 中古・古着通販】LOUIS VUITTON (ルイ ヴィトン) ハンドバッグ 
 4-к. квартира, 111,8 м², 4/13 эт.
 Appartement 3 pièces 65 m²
---
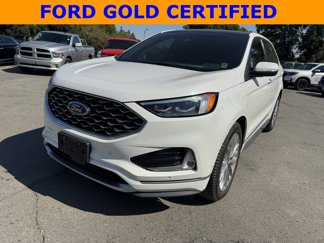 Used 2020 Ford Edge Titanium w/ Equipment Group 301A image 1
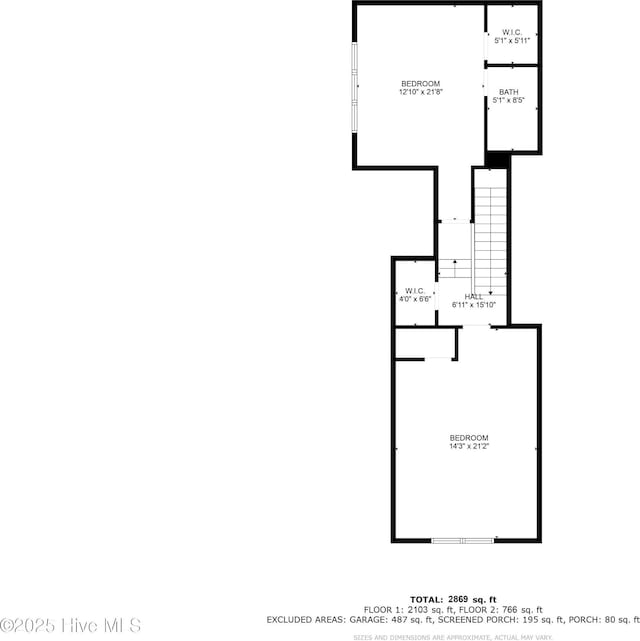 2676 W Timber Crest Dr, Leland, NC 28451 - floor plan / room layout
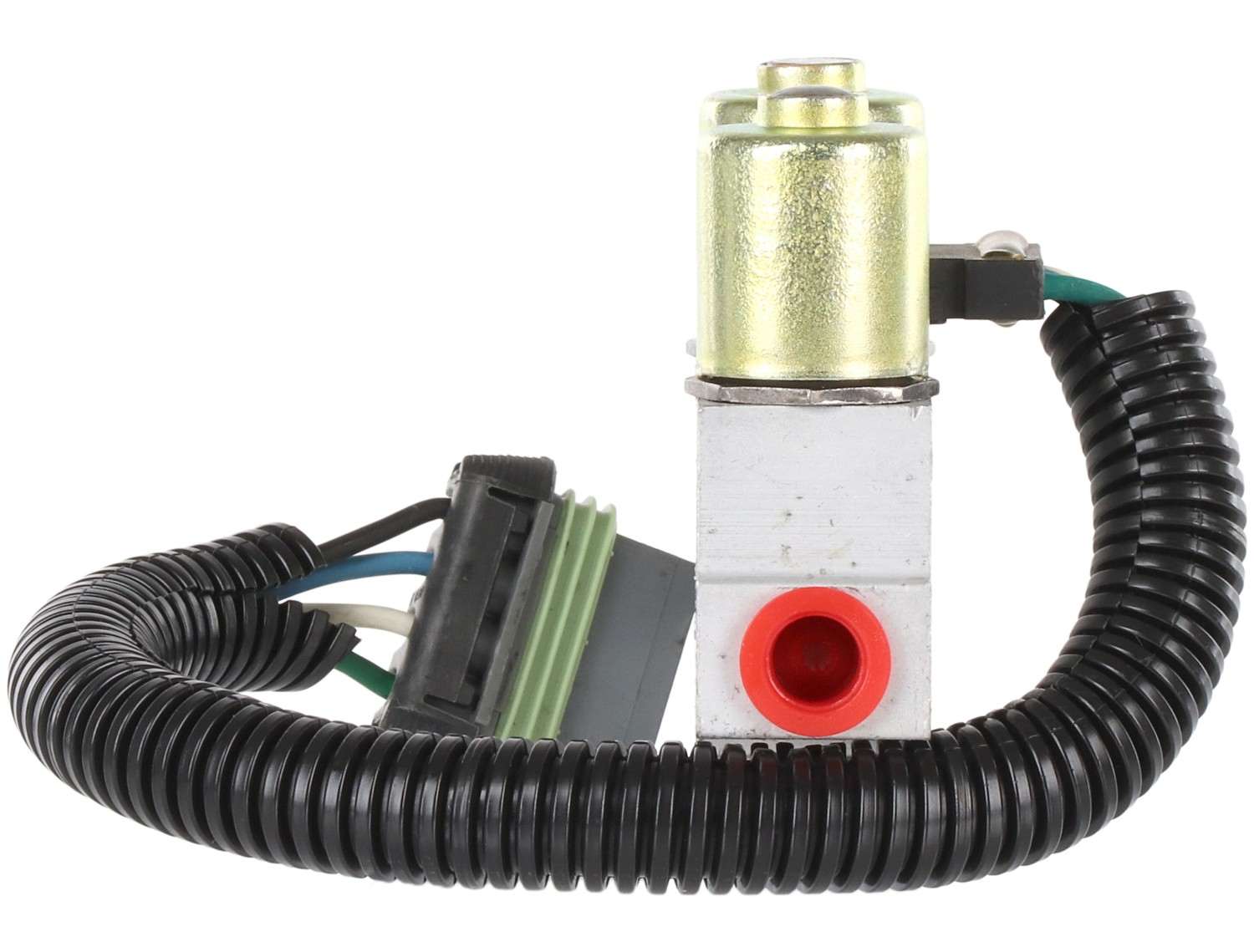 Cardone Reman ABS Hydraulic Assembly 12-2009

**About this exercise**
Transcribe the listing above exactly, but only from the line with "Used 2020 Ford" through the line with "Cardone Reman ABS Hydraulic Assembly 12-2009". Include both of those lines and omit the pictures.

**Output of the exercise**
 Used 2020 Ford Edge Titanium w/ Equipment Group 301A image 1
 2676 W Timber Crest Dr, Leland, NC 28451 - floor plan / room layout
 Cardone Reman ABS Hydraulic Assembly 12-2009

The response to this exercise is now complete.